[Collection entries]
○ ○ ○ ○ ○ ○ ○

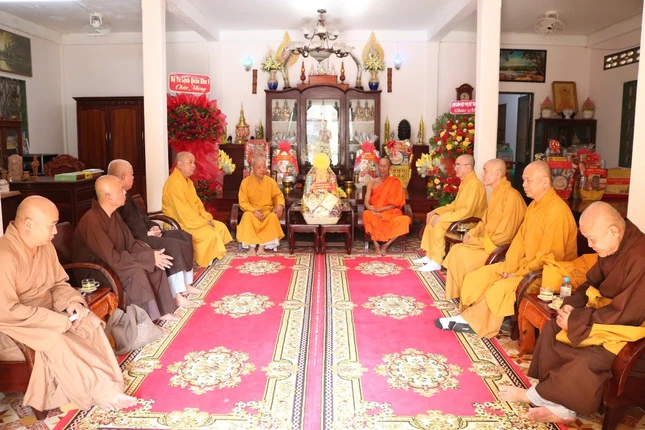 Đoàn thăm, chúc Tết Chôl Chnăm Thmây đến Hòa thượng Thạch Oai, Chứng minh Ban Trị sự GHPGVN tỉnh, Phó Chủ tịch Thường trực Hội Đoàn kết Sư sãi yêu nước tỉnh tại Văn phòng Tỉnh hội - chùa KomPong.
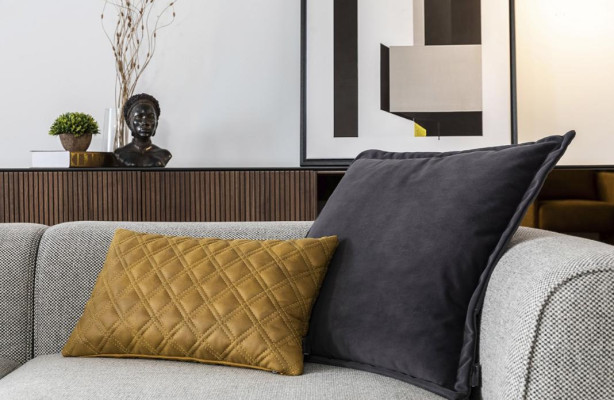 Trijvietīga sofa 3 sēdvietas auduma sofa mūsdienīga pelēka sofa jauna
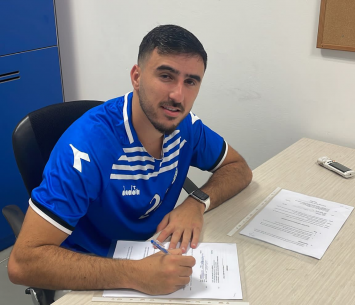 פיניה במעמד החתימה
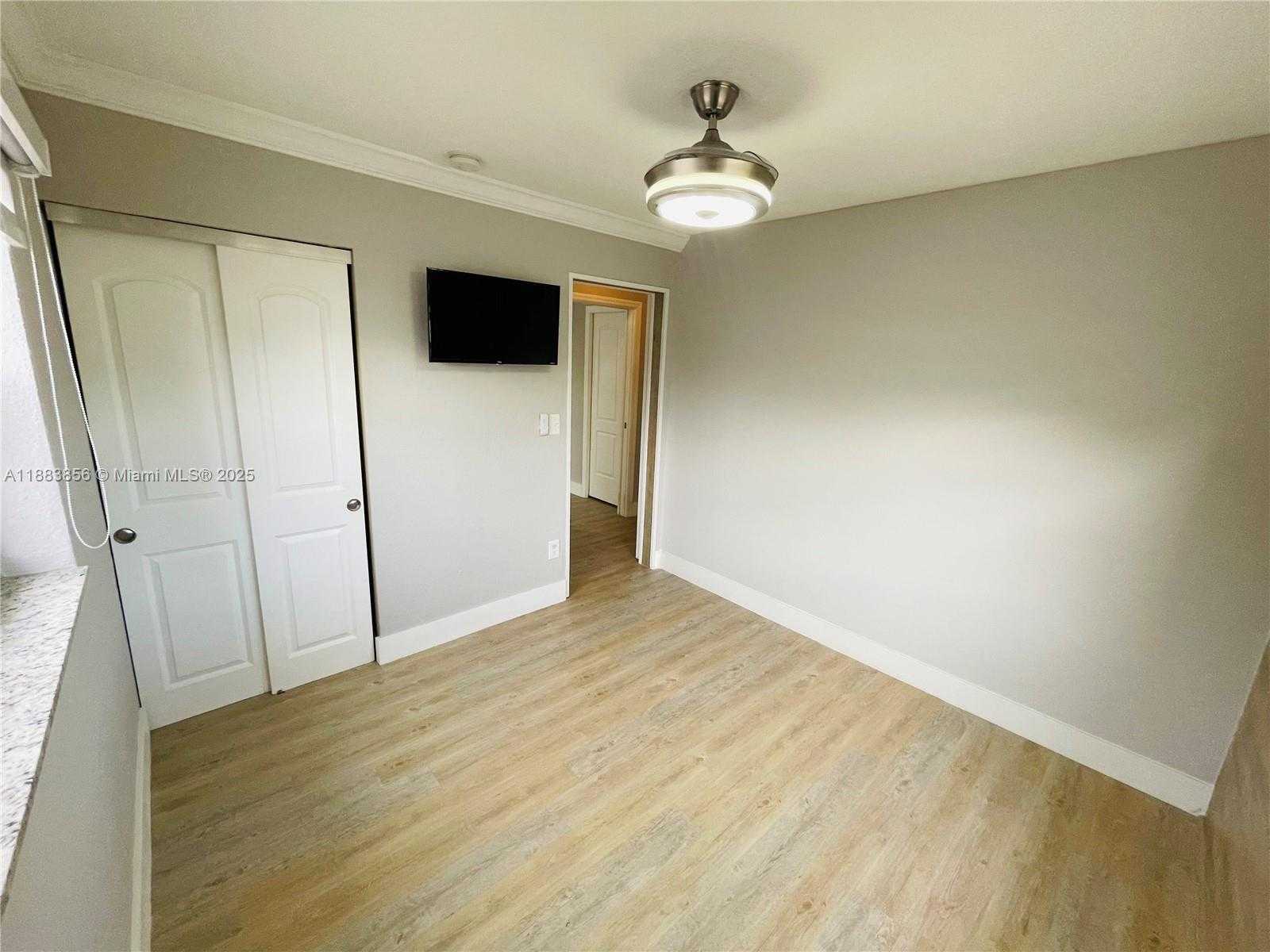 Small Image of 20400 NORTH WEST 40TH CT, Miami Gardens Number 57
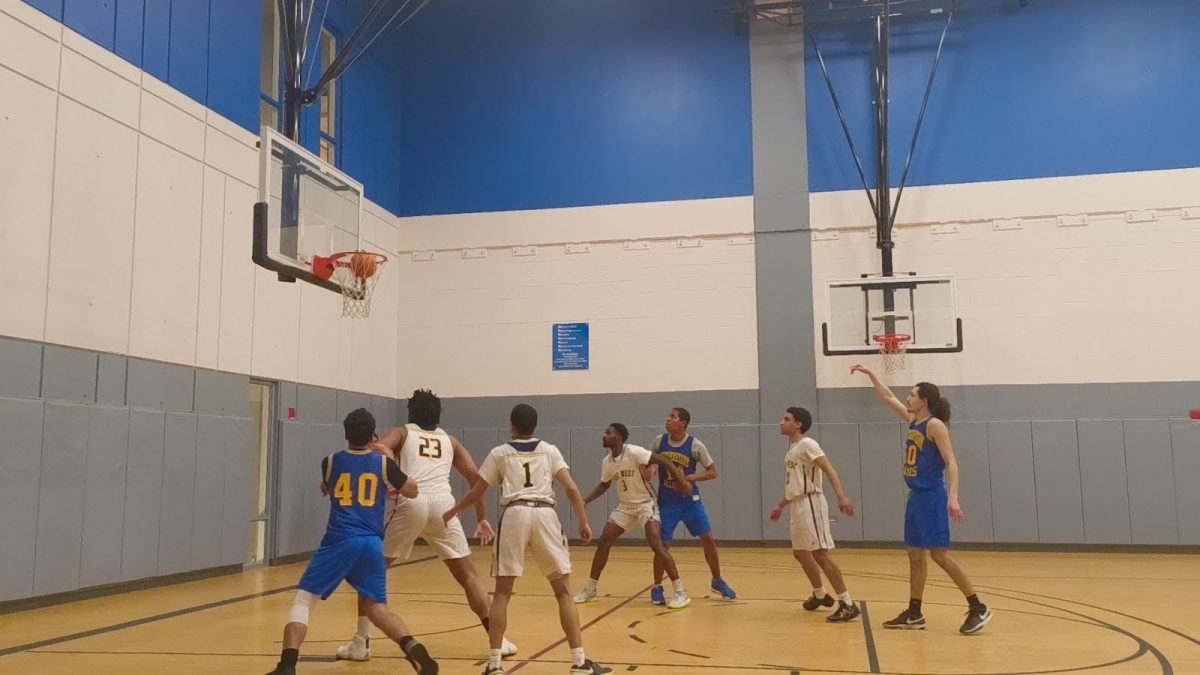 Number 20 Isaiah Aguayo making a free throw.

○ ○ ○ ○ ○ ○ ○

With images omitted, retype the data word for word.

 Đoàn thăm, chúc Tết Chôl Chnăm Thmây đến Hòa thượng Thạch Oai, Chứng minh Ban Trị sự GHPGVN tỉnh, Phó Chủ tịch Thường trực Hội Đoàn kết Sư sãi yêu nước tỉnh tại Văn phòng Tỉnh hội - chùa KomPong.
 Trijvietīga sofa 3 sēdvietas auduma sofa mūsdienīga pelēka sofa jauna
 פיניה במעמד החתימה
 Small Image of 20400 NORTH WEST 40TH CT, Miami Gardens Number 57
 Number 20 Isaiah Aguayo making a free throw.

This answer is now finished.